§ Stored data:
****************

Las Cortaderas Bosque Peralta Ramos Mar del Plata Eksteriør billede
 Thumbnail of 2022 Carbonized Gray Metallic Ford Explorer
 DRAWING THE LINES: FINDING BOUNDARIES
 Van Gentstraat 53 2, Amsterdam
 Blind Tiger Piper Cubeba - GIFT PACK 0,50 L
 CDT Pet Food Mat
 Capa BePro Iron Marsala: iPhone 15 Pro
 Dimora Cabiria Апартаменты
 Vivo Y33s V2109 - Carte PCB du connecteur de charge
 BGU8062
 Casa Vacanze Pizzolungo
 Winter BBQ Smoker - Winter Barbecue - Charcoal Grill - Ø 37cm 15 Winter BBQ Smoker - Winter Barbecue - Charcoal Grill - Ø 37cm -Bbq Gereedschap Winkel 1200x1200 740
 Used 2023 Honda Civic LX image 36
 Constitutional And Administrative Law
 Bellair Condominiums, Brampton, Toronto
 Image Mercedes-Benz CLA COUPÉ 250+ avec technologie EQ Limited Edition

****************

§ TASK STATEMENT: Return all of the data exactly as it reads.

§ REPLY:
Las Cortaderas Bosque Peralta Ramos Mar del Plata Eksteriør billede
 Thumbnail of 2022 Carbonized Gray Metallic Ford Explorer
 DRAWING THE LINES: FINDING BOUNDARIES
 Van Gentstraat 53 2, Amsterdam
 Blind Tiger Piper Cubeba - GIFT PACK 0,50 L
 CDT Pet Food Mat
 Capa BePro Iron Marsala: iPhone 15 Pro
 Dimora Cabiria Апартаменты
 Vivo Y33s V2109 - Carte PCB du connecteur de charge
 BGU8062
 Casa Vacanze Pizzolungo
 Winter BBQ Smoker - Winter Barbecue - Charcoal Grill - Ø 37cm 15 Winter BBQ Smoker - Winter Barbecue - Charcoal Grill - Ø 37cm -Bbq Gereedschap Winkel 1200x1200 740
 Used 2023 Honda Civic LX image 36
 Constitutional And Administrative Law
 Bellair Condominiums, Brampton, Toronto
 Image Mercedes-Benz CLA COUPÉ 250+ avec technologie EQ Limited Edition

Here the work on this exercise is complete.